How much does visual formatting affect your ability to spread a message? In what ways can bad formatting be misinterpreted?
When you’re trying to spread a message, the formatting you choose can be just as important as the words. The authors of the book Writing for Busy Readers share advice for properly applying visual formatting.
Here are tips from behavioral scientists Todd Rogers and Jessica Lasky-Fink.
Apply Visual Formatting Carefully
Once you’ve written your first draft, look for opportunities to use visual formatting styles like colorful, highlighted, italicized, bolded, all-caps, or underlined text. Rogers and Lasky-Fink explain that formatting creates visual contrast that helps you guide the reader’s attention to key points. For example, if you bold the main takeaway of your message, it’ll stand out to readers as important—so they’ll be more likely to focus on it and retain that information.
(Shortform note: Why does visual contrast help you guide the reader’s attention to key points? In Peak Mind, Amishi Jha explains that our brains evolved to pick up on changes in our environments like sudden movements, noises, and color shifts. This equipped our ancestors to notice threats and opportunities that impacted their survival. Reading doesn’t usually involve life-or-death stakes, but the same baked-in attention mechanisms still apply. When a reader sees bold or colored text, their brain flags it as a change worth noticing, which makes them more likely to focus on and remember it.)
However, the authors explain that formatting is somewhat ambiguous; readers don’t always interpret formatting choices in the ways we intend. Further, if readers are confused about what your formatting choices mean, they might overlook or misunderstand the intended emphasis.

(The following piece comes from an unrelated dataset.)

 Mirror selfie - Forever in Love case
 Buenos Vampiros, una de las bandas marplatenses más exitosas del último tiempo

The authors provide three tips to guide your decisions about formatting:
- Use highlighting, underlining, and bolding to draw attention to important points. Readers almost universally interpret these types of formatting as a sign of emphasis, so they’ll understand that you’re trying to drive home your point.
- It’s best to avoid writing in all caps. All-caps text is harder for the brain to process, and some readers understand it to indicate hostility instead of emphasis.

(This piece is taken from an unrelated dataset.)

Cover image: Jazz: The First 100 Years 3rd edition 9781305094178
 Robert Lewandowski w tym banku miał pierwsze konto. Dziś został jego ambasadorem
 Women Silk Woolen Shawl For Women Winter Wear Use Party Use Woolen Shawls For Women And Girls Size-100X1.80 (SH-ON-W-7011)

- Use formatting sparingly. Too much formatting confuses readers by making the text harder to read. It also makes it more difficult for readers to determine which parts of the text you want them to pay attention to.

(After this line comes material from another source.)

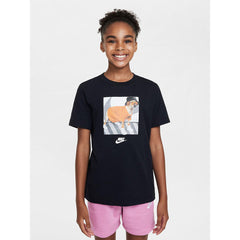NIKE Sportswear เสื้อยืดเด็กผู้หญิง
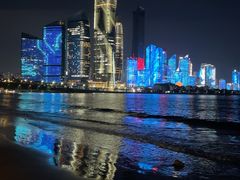 -青岛第三海水浴场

Formatting for Accessibility
Another thing to consider as you make formatting choices is how they affect accessibility. Not all readers perceive formatting the same way—especially those using screen readers, people with visual impairments, or those with cognitive processing differences. For example, screen readers (software tools that read text aloud for people who are blind or have low vision) don’t typically tell users when text is bold or italicized. Therefore, relying on these formatting choices to convey emphasis could exclude part of your audience.
Here are four formatting tips from experts on accessibility:
1. Avoid all caps, underline, strikethrough, superscript, and subscript. These formatting choices are more difficult to read and hard for screen readers to render. Underlined words can cause confusion, as they’re easily mistaken for hyperlinks.
2. Use accessible fonts. Some fonts are easier to read than others, including Arial, Calibri, Helvetica, and Times New Roman. Some experts also recommend Comic Sans, as it’s easier for dyslexic readers to distinguish between letters in this font.
3. Be careful about using color. Some readers may have color vision deficiencies or use devices that don’t render color accurately. For example, if you highlight key points in yellow without an accompanying text cue, colorblind users may miss your emphasis. If you choose to use color, maximize visual contrast—for example, pair black text with a white background, and avoid pale colors that are hard to distinguish.
4. Don’t rely on formatting to make your point. Readers should be able to understand your key message even if all formatting is stripped away—for example, when using plain-text email or when a screen reader ignores visual emphasis. Reinforce your most important ideas through clear writing, informative headings, and direct statements rather than relying on color, bolding, or italics alone to convey meaning.